Another Browser link, this time to a fascinating interview with Stephen Lucas, a heavyweight expert on Soviet Law.

This is well worth reading since it casts some light on an area largely neglected in Western analysis of Communism, namely the way the Soviet regime tried to give legal effect to its ideological dogmas.

For example, the catastrophic collectivisation of agriculture:

… law was used as a pretext for going to the countryside and expropriating grain, how it was used as an engine for change from peasant subsistence farming to mass collectivisation.

In March 1929 the notorious article 107 of the criminal code in 1929 was widely applied to those hoarding grain. You got three years’ “deprivation of freedom” for the crime of deliberately increasing prices by “buying up grain” or by “not putting it on the market” (ie, delivering it to the government) and you were also subject to “full or partial confiscation of your property”.

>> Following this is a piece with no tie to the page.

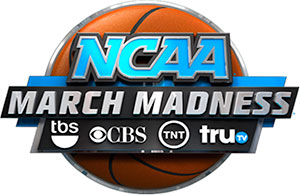 NCAA First Four 2014 TV schedule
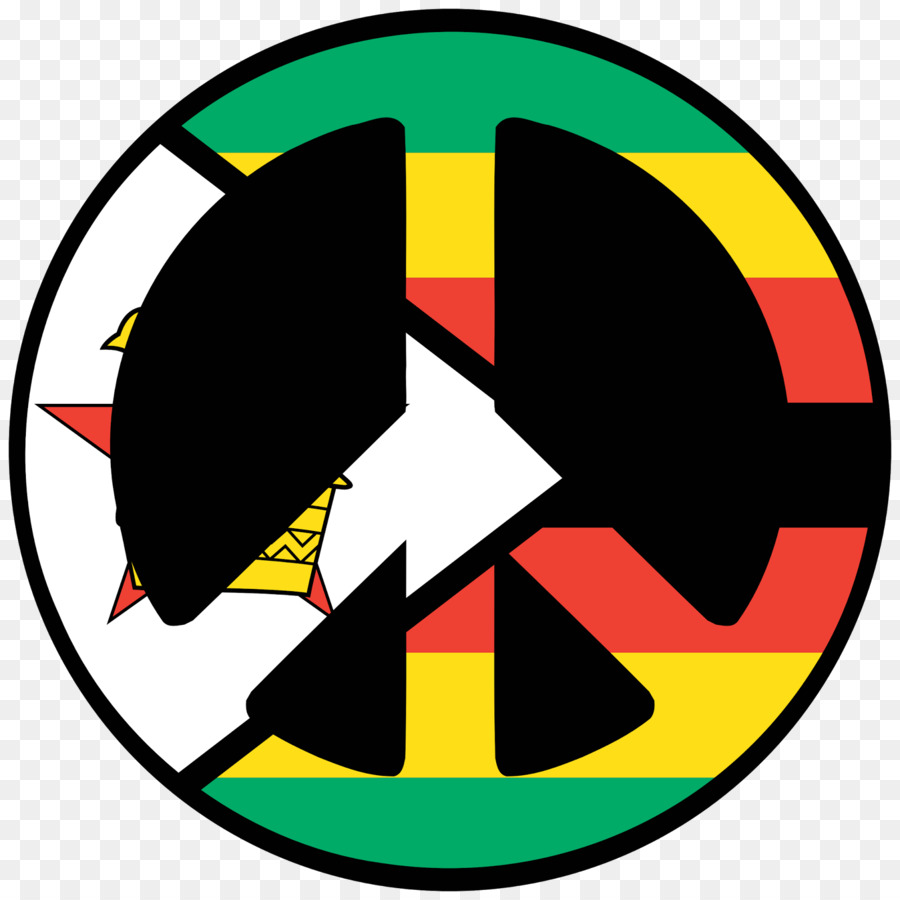 Zimbabwe，Logo PNG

And yet everybody was hoarding grain because the state was seizing as much as possible for the towns, there was nothing otherwise to eat and you feared for your next harvest or supply of grain…

Not so sure about this:

The demise of the Soviet Union was the demise of a country underpinned by a concept, an ideology, an alternative vision – socialism. It was an evangelical empire posing questions about how best to manage an economy, the extent to which the state provides social welfare, the scope of human rights and the importance of the arts and science.

That said, it was also an empire with a darker side. But since 1991 it seems like we have lost something when it comes to politics – lost the enthusiasm to debate about the bigger questions and to worry about whether there is a better alternative –  ideology seems to be missing. The mere existence of the Soviet Union almost seemed to provide a counter ideological force that helped us to question and frame the nature of how we in the West choose to live.

The great hero of Ayn Rand’s Atlas Shrugged is John Galt, ‘the man who stopped the motor of the earth’. The bold idea is that when the greatest creative minds of society go on strike, the system inexorably breaks down.

Pretty fanciful?

No. In fact the Soviet Union came up with a better way to run this experiment on our behalf. It murdered tens of thousands of its great minds and stopped the rest from being truly creative.

And, yes, after some seventy years of this madness in 2001 the spluttering Soviet motor finally simply seized up, and the whole system keeled over.

Laws and all.

No great loss – apart from all those millions of its victims.